The EUR/USD pair tried to rally during the session on Wednesday, but as you can see the downtrend line that I have drawn previously from the weekly chart was just above, as was the 1.34 handle. Both of those offered enough resistance to keep the market from going higher, and then of course the last nail in the coffin was the comments coming out of the Federal Reserve during the session on Wednesday.
The FMOC minutes and question and answer session after the meeting suggested that the Federal Reserve could in fact begin tapering off of quantitative easing later this year. That being said, the market already anticipated that for the most part, the fact that the Federal Reserve Chairman suggested that the Federal Reserve could be out of the quantitative easing game by the middle of next year took the market completely off guard.
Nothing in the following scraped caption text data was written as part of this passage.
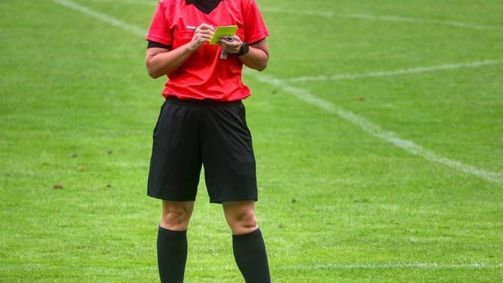 Árbitro foi atingido após marcar pênalti e aplicar cartão amarelo no atleta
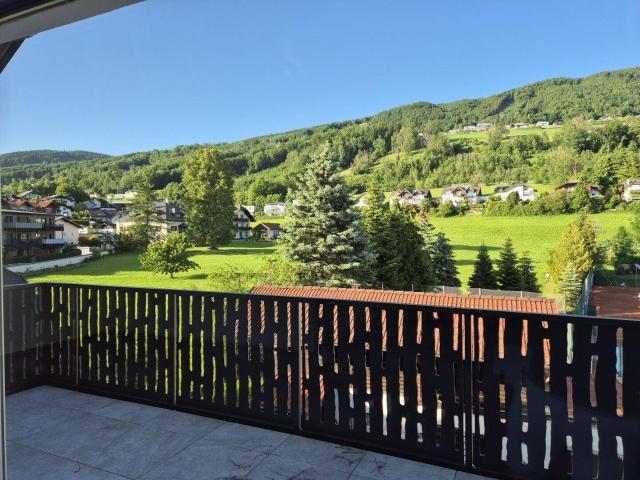 Luxus Penthouse mit Blick ins Grüne! NEUBAU im Zentrum Mondsee!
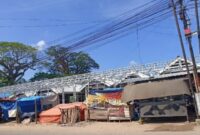 Kondisi pembangunan lapak pelataran Pasar Ganding, Kabupaten Sumenep, yang menjadi sorotan terkait transparansi pembiayaan dan kepastian hukum bagi para pedagang.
That being the case, the bond yields shot straight up in the United States, and of course that always attracts money.
A tale of two central banks
In this particular pair we have a collection of two central banks that are at total opposite ends of the spectrum. You have the European Union which of course is heading towards a double dip recession at this point, and the United States which is doing quite well all things considered. That being the case, rates should continue to inch higher in the US, while the Euro is in serious danger of having a rate cut before anything else. Because of this, I think that we are setting up to see a weaker Euro going forward.
I've been wrong in this pair before, so I of course would be a little bit cautious. If we managed to break the bottom of the range for the Wednesday session, I believe that we will of course begin to fall from that area. After all, the Wednesday candle did smash through the lyrics from the last four or five sessions in a row. Also, we moved below the 1.33 handle, an area that is been obvious support. Going forward, I am not willing to buy this market until we clear that weekly trend line, or at least the 1.34 on a daily close.